Longtime NASCAR team owner Jack Roush and four-time Camping World Truck Series champion Ron Hornaday highlight five new nominees to be considered for induction into the NASCAR Hall of Fame in 2017.
Roush and Hornaday join former premier series driver Ricky Rudd, winning engine builder Waddell Wilson and television broadcaster/journalist Ken Squier as first-time nominees.
The NASCAR Hall of Fame Nominating Committee met last week in Daytona Beach, Florida, to determine this year's list of nominees.
All 15 of those on the 2016 list that were not chosen for induction return on the 2017 ballot.
Roush, 73, has been a car owner in NASCAR's premier series since 1988, and the Roush Fenway Racing organization has earned 135 Sprint Cup victories as well as two series championships.

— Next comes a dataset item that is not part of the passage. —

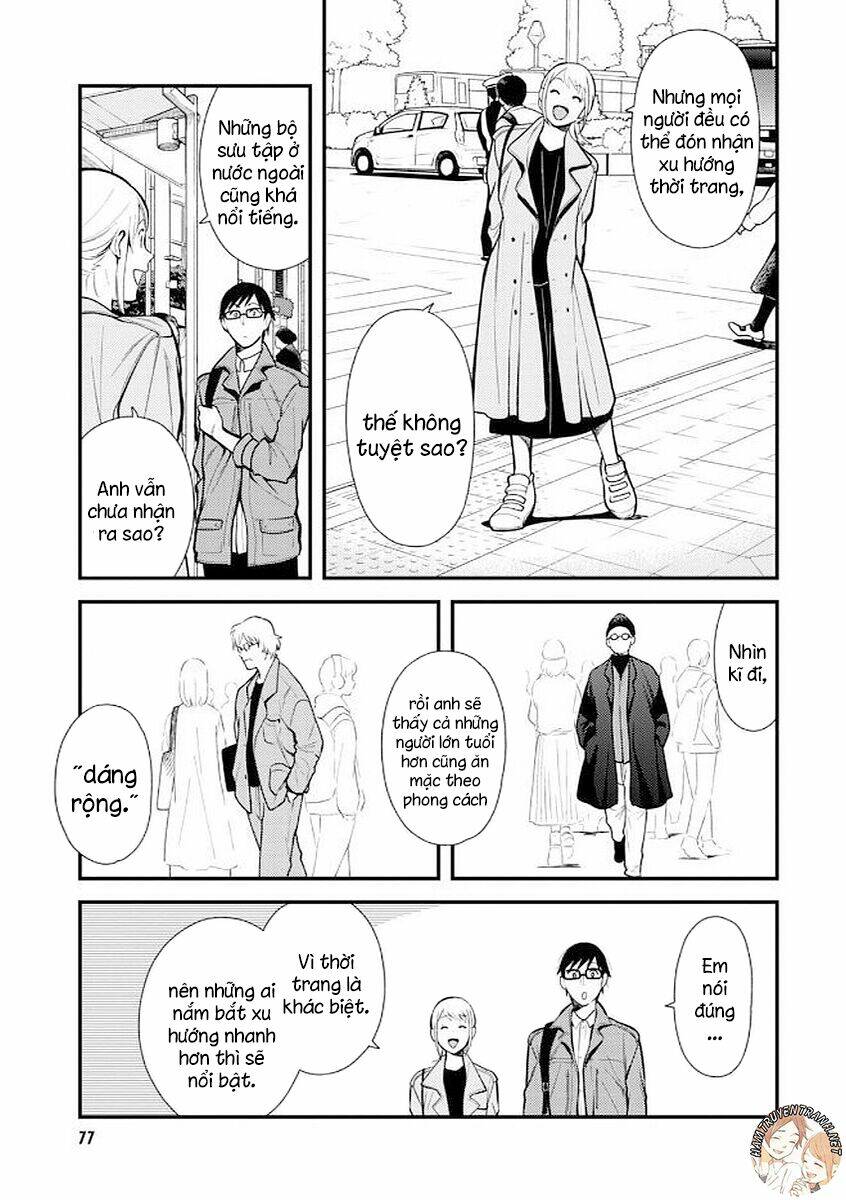 nếu định mặc, thì hãy mặc như thế này đi chapter 37 4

Four RFR drivers have won five XFINITY Series titles while the organization also sports one CWTS crown.
Hornaday, 57, won Truck Series titles in 1996, '98, 2007 and '09. When he stepped aside at the end of the 2014 season, his 51 career victories were tops for the series, a mark that still stands.
Rudd earned 23 premier series wins in a career that spanned three decades. One of the top road racers of his generation, Rudd scored NASCAR wins for some of the sport's top team owners, including Richard Childress, Bud Moore and Rick Hendrick. Winning the 1997 Brickyard 400 was notable as Rudd managed the feat as an owner/driver.
Wilson's engines took drivers to more than 100 premier series victories, while as a crew chief, he won 19 times, including three times in the Daytona 500.
Squier began his broadcasting career at age 12 (his father owned and operated a television station) and was part of the first crew to call the Daytona 500 live (in 1979). The Squier-Hall Award, created in 2012, honors the contributions of media to the success of the sport and is named in honor of Squier and longtime Motor Racing Network broadcaster Barney Hall.
The Nominating Committee also determined the list of five candidates for the Landmark Award, which recognizes outstanding contributions to NASCAR. New to the 2017 list is Janet Guthrie, the first woman to qualify for and compete in the Indianapolis 500 and Daytona 500. She joins Martinsville (Va.) Speedway track founder H. Clay Earles, former car owner Raymond Parks, Ralph Seagraves of former series sponsor RJ Reynolds and its Sports Marketing Enterprises marketing arm, and Squier.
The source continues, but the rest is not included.